Adriana est l’une des trois réfugiées à avoir pris la parole lors de l’événement Partagez le chemin, instigué par l’organisme Développement et Paix. Cette marche de quelques kilomètres autour du lac des Nations visait à combattre certains préjugés encore bien tenaces ciblant les réfugiés.

Des dépliants anti-immigration distribués en début d’année à Sherbrooke prouvent selon elle qu’il est encore essentiel de déployer des efforts pour combattre la xénophobie.

[Ces dépliants] m’ont fait réagir. Ça veut dire qu’il y a encore un manque d’informations et de connaissances sur les raisons pour lesquelles les réfugiés sont arrivés. C’est important de les sensibiliser à notre réalité.

Je leur demande de venir nous connaître et de ne pas avoir peur de la différence.

Adrianna Herrera Duarte

Des millions de déplacés

En 2017, les guerres, les violences et la persécution ont généré plus de 68 millions de déplacements forcés dans le monde, selon l’Agence des Nations Unies pour les réfugiés.

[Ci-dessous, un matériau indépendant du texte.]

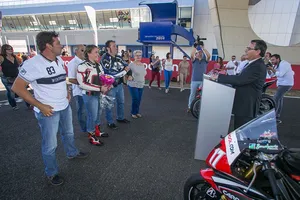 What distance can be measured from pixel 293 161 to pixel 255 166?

On veut que les gens prennent conscience qu’il y a des gens qui marchent à l’intérieur de leur propre pays et n'ont pas la possibilité de sortir, explique le coordonnateur de projets à la Fédération des communautés culturelles de l'Estrie, Henri M'Batika.

Lui-même a quitté la République démocratique du Congo (RDC), sa terre natale, pour fuir les violences qui ont secoué le pays après le génocide rwandais.

Ceux qui sont restés n’ont pas survécu. […] Cette marche, c’est aussi pour remercier le ciel qu’on soit arrivés à destination.

Henri M'Batika, coordonnateur de projets à la Fédération des communautés culturelles de l'Estrie

Plus de 20 ans se sont écoulés depuis son arrivée en sol canadien, et bien que le temps passe, la situation là-bas ne s’améliore pas. Des millions de personnes sont toujours considérées comme des réfugiés internes en RDC.

Ils sont attachés à leur pays, à leur terre, mais ils ne peuvent pas trouver asile ailleurs. Ces gens sont en train de souffrir et c’est en solidarité avec eux qu’on marche.

Henri M'Batika a aussi profité de l’événement pour insister sur l’importance de favoriser l’embauche et la francisation des immigrants, particulièrement en région.

La plus grande difficulté, c’est le travail. Les gens doivent pouvoir trouver du travail, c’est la meilleure intégration possible, rappelle-t-il.

En juin, la Fédération des communautés culturelles de l'Estrie organisera l’Espace de la diversité à Sherbrooke, un événement plus festif cette fois pour créer un lieu de rapprochement entre les immigrants et les membres de leur communauté d’accueil.